- Born: 24 September 1977 (age 48) Mussoorie, Uttarakhand (India)
- Education: St George's College, Mussoorie Hansraj College (B.A.) Delhi University Jawaharlal Nehru University (M.A. & M.Phil)
- Occupations: Civil servant, IAS officer
- Years active: 2007–present
- Title: Commissioner of Kumaon Division, Uttarakhand; Secretary to Chief Minister of Uttarakhand;
- Spouse: Vijeta Rawat
- Children: 2 (Divyansh Rawat, Divisha Rawat)

= Deepak Rawat =

Indian Administrative Service officer (born 1977)

 Deepak Rawat (born 24 September 1977) is an Indian Administrative Service officer of Uttarakhand cadre. He is currently posted as the commissioner of Kumaon division, Uttarakhand and additionally as secretary to Chief Minister of Uttarakhand. As an IAS officer he is known for his huge social media presence across YouTube and Instagram.

== Early life and education ==
Rawat was born on 24 September 1977. His childhood dream was to become a scrap dealer (ragman). He grew up in Mussorie, Uttarakhand where his father worked as a farmer.

Rawat attended St. George's College, Barlowganj in Mussoorie. He completed his graduation in History Honours from Hansraj College, Delhi and Post-graduation from JNU. After that, he passed the civil services examination, becoming an IAS officer.

== Career ==
Rawat is an IAS officer from the 2007 batch. He has served in various positions as district magistrate and is recognized for conducting multiple raids during his tenure.

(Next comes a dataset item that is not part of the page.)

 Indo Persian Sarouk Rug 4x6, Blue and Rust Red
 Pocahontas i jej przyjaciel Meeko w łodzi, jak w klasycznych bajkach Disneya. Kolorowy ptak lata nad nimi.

Rawat has stated that a retired IPS officer, Anil Kumar Raturi (former DGP Uttarakhand), inspired him to pursue a career in civil services.

=== Indian Revenue Service ===
In his third attempt, Rawat passed the Union Public Service Commission (UPSC) examination and was appointed to the Indian Revenue Service (IRS - Customs).

=== Indian Administrative Service ===
Rawat continued his preparations and cleared the Union Public Service Commission (UPSC) Civil Services Examination (CSE) twice, resulting in his appointment to the Indian Administrative Service (IAS).

He was posted as district magistrate of Bageshwar (2011) and was transferred as managing director of Kumaon Vikas Mandal (2012). Later he transferred as district magistrate of Nainital (2014–2017) and Haridwar (2017–2019) respectively.

During his tenure as managing director of Uttarakhand Power Corporation Ltd. (UPCL) and Power Transmission Corporation of Uttarakhand Ltd. (PTCUL), and director of Uttarakhand Renewable Energy Development Agency (UREDA), Rawat worked under the supervision of senior officials, including Vinod Prasad Raturi, who was then secretary in the Uttarakhand government.
Rawat was further appointed as Haridwar Kumbh Mela officer. He is currently serving as commissioner of Kumaon division, Uttarakhand and additionally as secretary to Chief Minister of Uttarakhand, Pushkar Singh Dhami.

Rawat has gained some notability for his work related videos on YouTube.

== Awards and honours ==
Rawat received the National Award in 2019 for his work as a District Nutrition Mission officer. The award was presented to him by Union Minister Smriti Irani. Rawat dedicated the award to Anganwadi, a government-sponsored child-care and mother-care centre in India.

== Controversy and criticism ==

=== Supreme Court warning ===
In December 2018, a bench of the Supreme Court of India, led by Justice Ranjan Gogoi, issued a warning to Rawat. He and his subordinate, Roorkee Joint Magistrate Nikita Khandelwal, were reportedly conducting a demolition drive in Jaurasi Village where they violated the established court procedures during the operation. The court cautioned Rawat to comply with court orders and avoid any actions that may be perceived as contravening them.

=== Charges for attempted murder ===
During his tenure as collector in Haridwar in January 2018, an attempt to murder case was filed against Rawat by a priest. The priest alleged that Rawat, along with his helper, had assaulted him in a closed room. This incident occurred in the context of a dispute between the government and an ashram over land use. Rawat denied the allegations and claimed that they were part of a larger conspiracy to defame him. The case was later dropped due to lack of evidence. However, the incident was widely reported in the media and raised questions about Rawat's conduct as a government official.